Walt Disney himself couldn't have planned it better. The small counties immediately north, south, and west of Dublin—historically known as the Pale—seem expressly designed to entertain and enchant sightseers. The entire region is rich with legendary Celtic sites, gorgeous gardens, and the most elegant Palladian country estates in Ireland.
Due to its location on the Irish Sea, facing Europe,
the region was the first to attract the earliest "tourists"—conquerors and rulers—and the first over which they exercised the greatest influence. Traces of each new wave remain: the Celts chose Tara as the center of their kingdom; the Danes sailed the Rivers Boyne and Liffey to establish many of today's towns; and the region's great Protestant-built houses of the 18th century remind us that the Pale (originally the area of eastern Ireland ruled directly by the Normans) was the starting point and administrative center for the long, violent English colonization of the whole island.
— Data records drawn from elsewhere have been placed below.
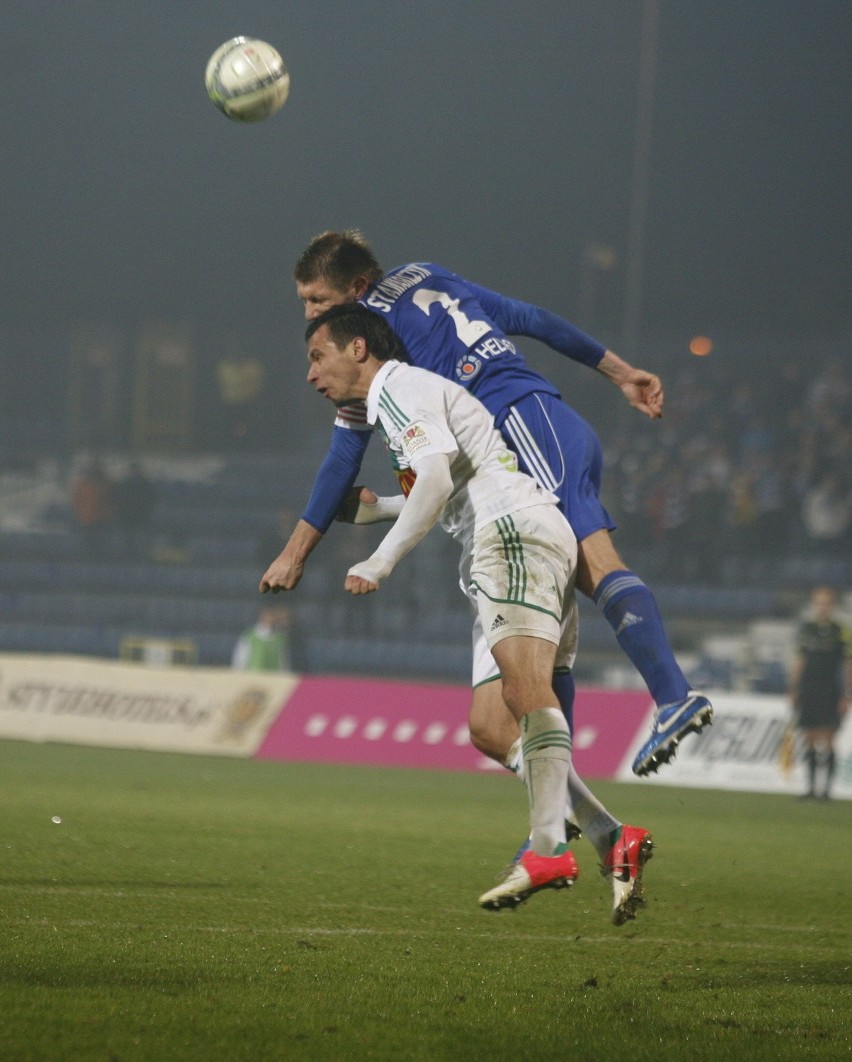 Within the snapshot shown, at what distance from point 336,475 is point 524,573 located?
1189 millimetres

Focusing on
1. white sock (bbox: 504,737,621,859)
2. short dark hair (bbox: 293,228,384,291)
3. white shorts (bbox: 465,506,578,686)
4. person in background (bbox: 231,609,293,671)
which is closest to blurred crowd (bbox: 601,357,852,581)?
person in background (bbox: 231,609,293,671)

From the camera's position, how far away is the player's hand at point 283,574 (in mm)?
5426

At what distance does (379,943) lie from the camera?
17.7 ft

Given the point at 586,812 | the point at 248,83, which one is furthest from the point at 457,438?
the point at 248,83

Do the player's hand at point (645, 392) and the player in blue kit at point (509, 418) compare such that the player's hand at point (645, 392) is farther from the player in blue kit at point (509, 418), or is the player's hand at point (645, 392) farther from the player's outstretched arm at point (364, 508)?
the player's outstretched arm at point (364, 508)

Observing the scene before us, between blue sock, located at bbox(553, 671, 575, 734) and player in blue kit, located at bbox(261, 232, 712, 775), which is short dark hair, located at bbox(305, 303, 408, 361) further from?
blue sock, located at bbox(553, 671, 575, 734)

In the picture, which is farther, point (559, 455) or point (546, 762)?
point (559, 455)

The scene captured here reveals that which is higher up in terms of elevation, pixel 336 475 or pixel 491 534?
pixel 336 475

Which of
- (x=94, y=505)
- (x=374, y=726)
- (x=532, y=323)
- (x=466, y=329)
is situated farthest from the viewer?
(x=94, y=505)

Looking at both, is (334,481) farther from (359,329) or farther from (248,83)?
(248,83)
The Dublin environs include three basic geographical regions. North of Dublin lies the Boyne Valley, with its abundant ruins of Celtic Ireland extending from counties Meath to Louth. In pagan times this area was the home of Ireland's high kings and the center of religious life. All roads led to Tara, the fabled Hill of Kings, the royal seat, and the place where the national assembly was held. Today, time seems to stand still—and you should, too, for it's almost sacrilegious to introduce a note of urgency here.
South of the capital is the mountainous county of Wicklow, where the gently rounded Wicklow Mountains contain the evocative monastic settlement at Glendalough, many later abbeys and churches, and the great 18th-century estates of the Anglo-Irish aristocracy, such as Castletown, Powerscourt, and Russborough.
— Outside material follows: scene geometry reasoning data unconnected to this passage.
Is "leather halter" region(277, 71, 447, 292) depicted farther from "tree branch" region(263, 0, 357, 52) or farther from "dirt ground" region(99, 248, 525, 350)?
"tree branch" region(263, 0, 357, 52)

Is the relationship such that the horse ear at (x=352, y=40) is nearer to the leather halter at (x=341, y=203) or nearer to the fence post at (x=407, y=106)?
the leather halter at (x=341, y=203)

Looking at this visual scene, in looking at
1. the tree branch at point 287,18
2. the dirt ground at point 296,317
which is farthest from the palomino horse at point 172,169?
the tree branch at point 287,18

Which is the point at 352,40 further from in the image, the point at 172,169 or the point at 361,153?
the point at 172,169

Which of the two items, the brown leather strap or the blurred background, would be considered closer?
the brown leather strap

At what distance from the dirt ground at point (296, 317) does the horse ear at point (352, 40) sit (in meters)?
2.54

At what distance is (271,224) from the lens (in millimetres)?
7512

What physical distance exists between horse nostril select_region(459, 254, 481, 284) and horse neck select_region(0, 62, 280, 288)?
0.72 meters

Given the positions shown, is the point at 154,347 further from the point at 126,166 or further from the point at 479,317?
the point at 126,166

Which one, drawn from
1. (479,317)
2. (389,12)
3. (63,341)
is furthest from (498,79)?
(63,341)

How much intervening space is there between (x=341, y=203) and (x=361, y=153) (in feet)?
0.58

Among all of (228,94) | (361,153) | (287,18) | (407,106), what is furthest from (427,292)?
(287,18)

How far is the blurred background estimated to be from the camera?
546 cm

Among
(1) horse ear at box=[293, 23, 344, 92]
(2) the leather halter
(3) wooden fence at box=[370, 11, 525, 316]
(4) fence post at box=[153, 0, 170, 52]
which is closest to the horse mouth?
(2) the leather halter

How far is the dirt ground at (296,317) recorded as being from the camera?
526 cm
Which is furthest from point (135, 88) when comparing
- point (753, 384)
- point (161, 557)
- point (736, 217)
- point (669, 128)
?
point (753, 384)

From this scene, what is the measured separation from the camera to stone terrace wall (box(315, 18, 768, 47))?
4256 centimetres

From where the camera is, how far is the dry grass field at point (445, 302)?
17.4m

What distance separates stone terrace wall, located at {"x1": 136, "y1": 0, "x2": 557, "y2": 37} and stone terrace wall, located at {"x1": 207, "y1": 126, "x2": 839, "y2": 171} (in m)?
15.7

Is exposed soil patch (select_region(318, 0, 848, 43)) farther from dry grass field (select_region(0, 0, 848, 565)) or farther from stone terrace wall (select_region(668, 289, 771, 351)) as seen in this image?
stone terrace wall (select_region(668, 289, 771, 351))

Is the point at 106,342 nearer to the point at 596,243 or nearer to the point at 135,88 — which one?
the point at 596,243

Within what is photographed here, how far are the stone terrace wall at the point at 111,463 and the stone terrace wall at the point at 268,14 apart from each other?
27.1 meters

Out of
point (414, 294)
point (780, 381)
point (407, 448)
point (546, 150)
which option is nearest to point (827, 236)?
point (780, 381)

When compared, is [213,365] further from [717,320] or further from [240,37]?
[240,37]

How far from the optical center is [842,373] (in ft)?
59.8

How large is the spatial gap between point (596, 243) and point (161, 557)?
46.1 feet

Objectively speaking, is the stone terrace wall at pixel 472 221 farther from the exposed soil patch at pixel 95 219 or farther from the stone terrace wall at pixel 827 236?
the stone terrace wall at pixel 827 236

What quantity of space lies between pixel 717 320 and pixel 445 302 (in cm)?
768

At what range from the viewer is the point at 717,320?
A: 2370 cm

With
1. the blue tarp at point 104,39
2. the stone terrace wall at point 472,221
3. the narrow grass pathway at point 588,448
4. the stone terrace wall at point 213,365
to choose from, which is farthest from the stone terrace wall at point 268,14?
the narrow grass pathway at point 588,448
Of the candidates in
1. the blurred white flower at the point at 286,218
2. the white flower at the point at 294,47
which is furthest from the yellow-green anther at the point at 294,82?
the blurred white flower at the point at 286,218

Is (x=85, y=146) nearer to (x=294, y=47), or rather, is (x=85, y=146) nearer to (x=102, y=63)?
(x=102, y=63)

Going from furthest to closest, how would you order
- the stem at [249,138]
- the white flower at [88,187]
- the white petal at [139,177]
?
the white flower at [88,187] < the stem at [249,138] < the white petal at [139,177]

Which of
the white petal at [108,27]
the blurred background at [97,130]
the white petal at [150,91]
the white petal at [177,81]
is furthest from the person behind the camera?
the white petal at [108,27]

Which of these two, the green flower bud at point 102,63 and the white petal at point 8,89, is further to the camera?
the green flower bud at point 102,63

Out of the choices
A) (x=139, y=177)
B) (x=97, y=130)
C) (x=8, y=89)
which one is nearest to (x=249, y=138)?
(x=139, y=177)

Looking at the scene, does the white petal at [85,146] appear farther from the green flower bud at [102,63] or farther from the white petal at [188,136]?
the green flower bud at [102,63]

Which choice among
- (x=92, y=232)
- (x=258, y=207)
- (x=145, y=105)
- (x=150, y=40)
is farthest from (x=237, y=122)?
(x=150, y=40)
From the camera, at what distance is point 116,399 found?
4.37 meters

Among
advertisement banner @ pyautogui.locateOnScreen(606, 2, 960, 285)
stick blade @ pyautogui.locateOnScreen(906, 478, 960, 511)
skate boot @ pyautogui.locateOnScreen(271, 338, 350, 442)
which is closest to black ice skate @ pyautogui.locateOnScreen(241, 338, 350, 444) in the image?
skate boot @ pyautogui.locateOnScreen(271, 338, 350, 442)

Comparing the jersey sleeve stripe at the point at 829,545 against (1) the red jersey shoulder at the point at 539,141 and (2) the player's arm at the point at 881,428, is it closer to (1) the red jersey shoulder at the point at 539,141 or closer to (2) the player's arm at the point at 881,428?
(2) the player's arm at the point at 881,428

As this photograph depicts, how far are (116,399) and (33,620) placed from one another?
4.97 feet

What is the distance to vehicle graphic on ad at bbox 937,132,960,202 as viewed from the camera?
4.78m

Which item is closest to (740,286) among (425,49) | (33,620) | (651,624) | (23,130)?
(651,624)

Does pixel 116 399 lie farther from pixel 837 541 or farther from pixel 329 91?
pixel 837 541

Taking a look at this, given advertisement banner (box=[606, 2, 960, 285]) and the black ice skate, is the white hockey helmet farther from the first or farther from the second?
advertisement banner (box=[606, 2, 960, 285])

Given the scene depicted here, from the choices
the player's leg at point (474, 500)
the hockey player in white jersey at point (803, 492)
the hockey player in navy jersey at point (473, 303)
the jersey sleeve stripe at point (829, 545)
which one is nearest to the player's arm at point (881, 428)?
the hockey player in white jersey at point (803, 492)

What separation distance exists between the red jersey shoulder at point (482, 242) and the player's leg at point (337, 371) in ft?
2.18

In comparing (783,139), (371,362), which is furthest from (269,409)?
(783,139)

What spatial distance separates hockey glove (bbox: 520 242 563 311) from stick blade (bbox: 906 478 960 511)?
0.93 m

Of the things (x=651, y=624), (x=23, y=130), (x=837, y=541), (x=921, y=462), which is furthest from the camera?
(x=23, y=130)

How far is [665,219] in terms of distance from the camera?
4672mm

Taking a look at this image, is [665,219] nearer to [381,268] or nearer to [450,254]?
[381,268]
Southwest of Dublin are the pastoral plains of County Kildare, which stretch between the western Midlands and the foothills of the Dublin and Wicklow mountains—both names refer to the same mountain range, but each marks its county's claim to the land. Kildare is the flattest part of Ireland, a natural playing field for breeding, training, and racing some of the world's premier Thoroughbreds.
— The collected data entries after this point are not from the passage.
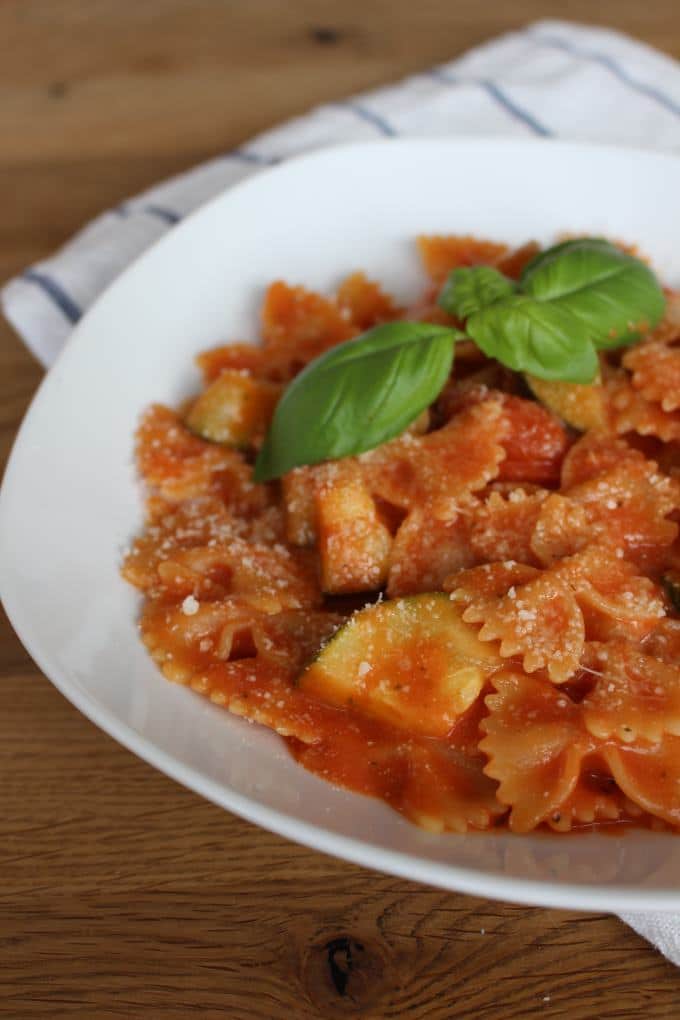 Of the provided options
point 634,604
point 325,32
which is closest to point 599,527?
point 634,604

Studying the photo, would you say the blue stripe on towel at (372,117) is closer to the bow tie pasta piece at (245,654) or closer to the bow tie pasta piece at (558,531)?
the bow tie pasta piece at (558,531)

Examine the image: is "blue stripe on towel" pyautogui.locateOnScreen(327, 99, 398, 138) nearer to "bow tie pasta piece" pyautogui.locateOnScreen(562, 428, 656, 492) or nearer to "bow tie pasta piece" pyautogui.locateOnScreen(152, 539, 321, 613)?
"bow tie pasta piece" pyautogui.locateOnScreen(562, 428, 656, 492)

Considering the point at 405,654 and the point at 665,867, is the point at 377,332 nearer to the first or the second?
the point at 405,654

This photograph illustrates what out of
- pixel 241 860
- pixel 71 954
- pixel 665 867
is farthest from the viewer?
pixel 241 860

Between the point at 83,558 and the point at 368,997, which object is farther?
the point at 83,558

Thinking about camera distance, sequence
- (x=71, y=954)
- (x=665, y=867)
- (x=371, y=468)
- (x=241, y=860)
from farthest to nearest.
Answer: (x=371, y=468)
(x=241, y=860)
(x=71, y=954)
(x=665, y=867)

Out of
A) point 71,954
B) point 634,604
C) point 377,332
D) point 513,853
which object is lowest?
point 71,954

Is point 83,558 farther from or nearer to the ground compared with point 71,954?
farther from the ground

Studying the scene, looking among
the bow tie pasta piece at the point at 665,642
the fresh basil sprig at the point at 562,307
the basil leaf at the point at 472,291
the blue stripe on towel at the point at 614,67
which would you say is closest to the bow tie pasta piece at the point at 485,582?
the bow tie pasta piece at the point at 665,642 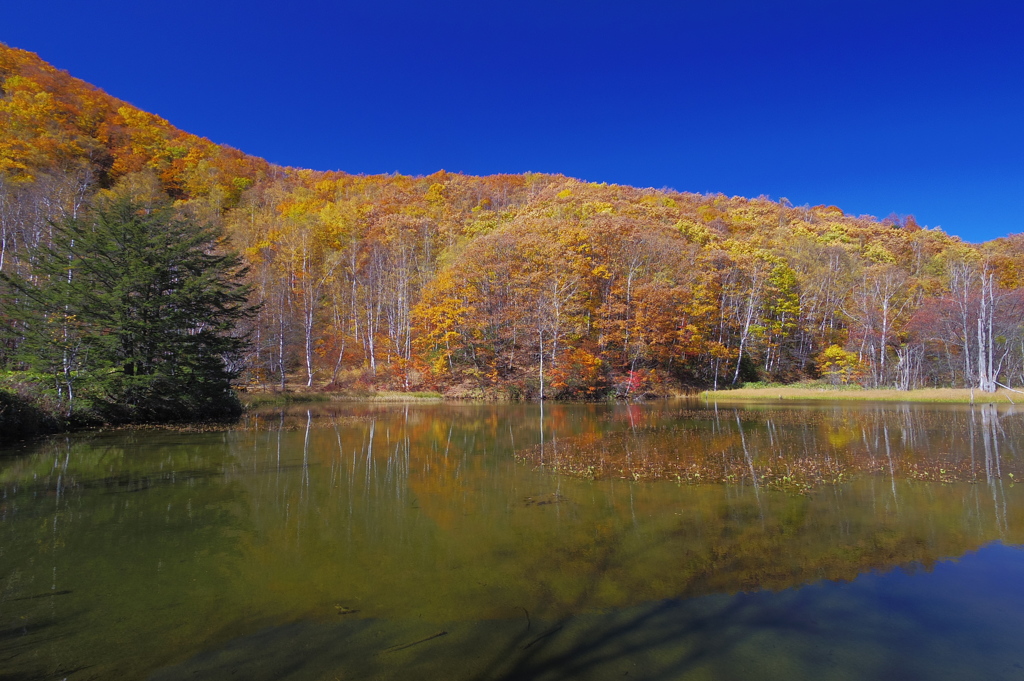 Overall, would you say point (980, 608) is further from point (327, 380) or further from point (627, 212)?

Rapid, omnivorous expansion of the capital city in the decade of the Celtic Tiger saw its suburban limits spread deep into the once-bucolic areas of Meath and Kildare, so don't be surprised to hear Dublin accents starting to dominate in towns like Navan and Naas. The economic slowdown and a slump in property values disproportionately hit these satellite towns and areas so dependent on the economy of Dublin, though there have been recent signs of improvement.